Reviews May 31, 2018
Roza Cruz

Between how it’s made, how it’s recorded and how it’s heard, it’s hard to imagine music that’s entirely untouched by computers—even the strictest analog purists going from tape to vinyl will at least let you order the record online. But few go as far as La Mecánica Popular did when head composer Efraín Rozas collaborated with a robot on their latest album Roza Cruz.

Available since April 13 via Names You Can Trust, Roza Cruz is a Latin-sounding record that deals in steady rhythms that don’t quite fit one genre or another, layered in hefty doses of serpentine guitar slink and bouncing Rhodes piano. The result is a record of push and pull, which can go from plodding dissonance to soothing, grooving hooks in the course of a single (long) song. It’s music that’s psychedelic enough to fit in alongside increasingly popular, vintage-sounding chicha revival bands, but structured enough to fit in with the Ray Barretto corner of the salsa world’s more outré adventures. But La Mecánica Popular is  determined to push this music somewhere new. Hence, the robot. 

In addition to being a musician and composer, Rozas is an ethnomusicologist and software engineer, which gave him a pretty great insight that many of us might overlook: Far from being neutral, the world of music software struck Rozas as very rooted in a specific tradition.
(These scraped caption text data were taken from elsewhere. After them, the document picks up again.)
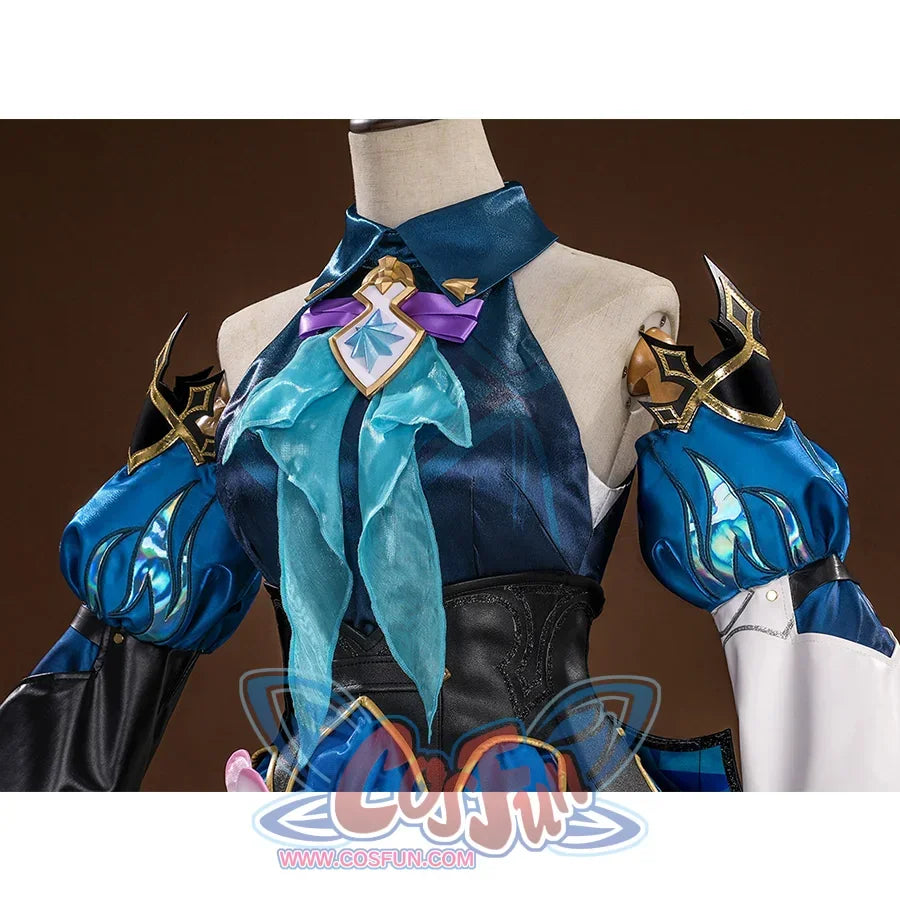 Honkai: Star Rail Cerydra Cosplay Costume&#39;s collar is designed with a heart-shaped plaque at the neckline, a blue-green ribbon hanging below, and a golden armor-like structure inlaid on the shoulders.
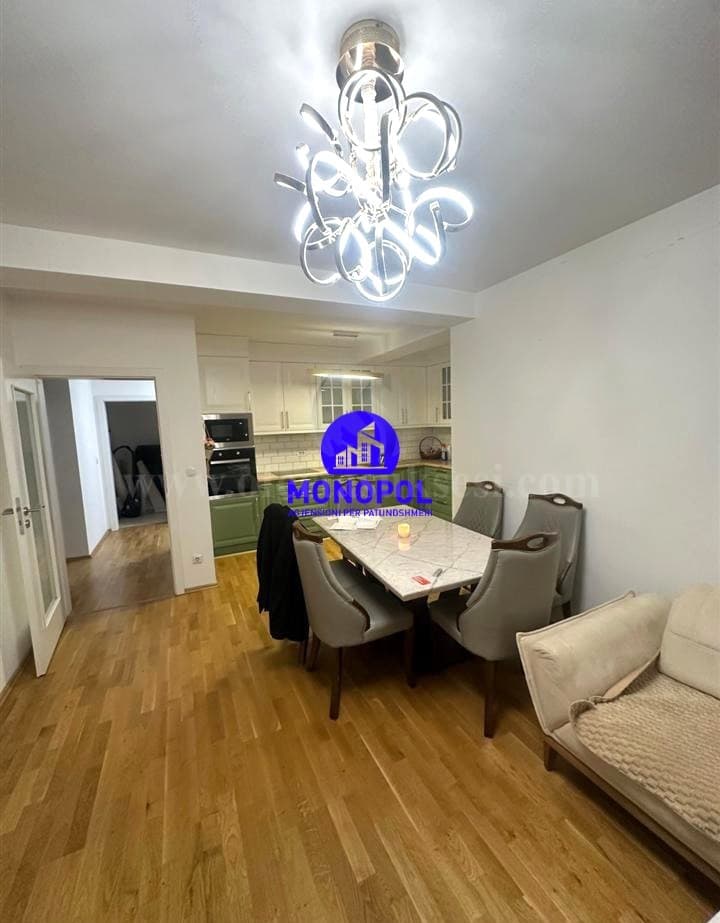 Jap me qira banesen 110m2 kati i -VIII- / Prishtine — fotografia 3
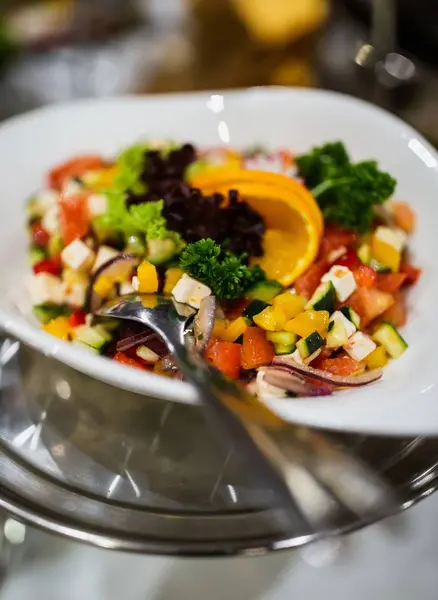 Селективный снимок крупным планом вкусного овощного салата в белой тарелке — стоковое фото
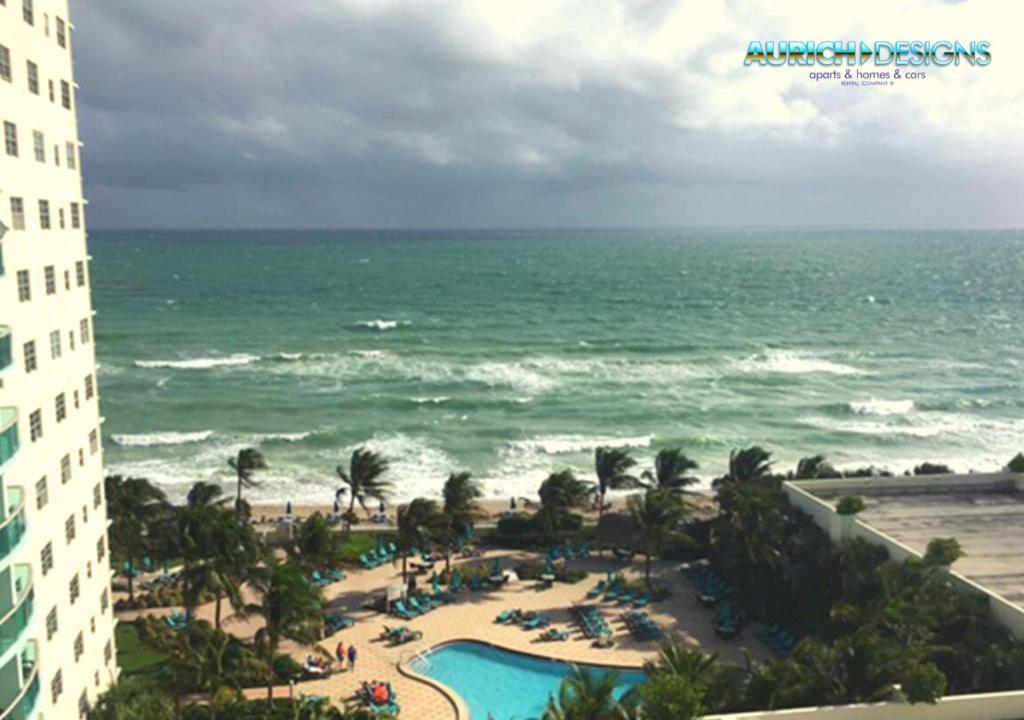 Oceanfront Condo Apart w/2 Queens beds The Tides by ADs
“This robot/sound sculpture was made out of need, as a prosthesis that suits me better,” he said in a mission statement of sorts on his website. “Contemporary music technologies are based in most cases in a Western logic of rhythm. Like in Western notation, there is a single grid in which time flows from left to right, and there is a single metronome that acts as a conductor. The brain of my prosthesis is a software which works in a different way, informed by Latin American logics of polyrhythm.”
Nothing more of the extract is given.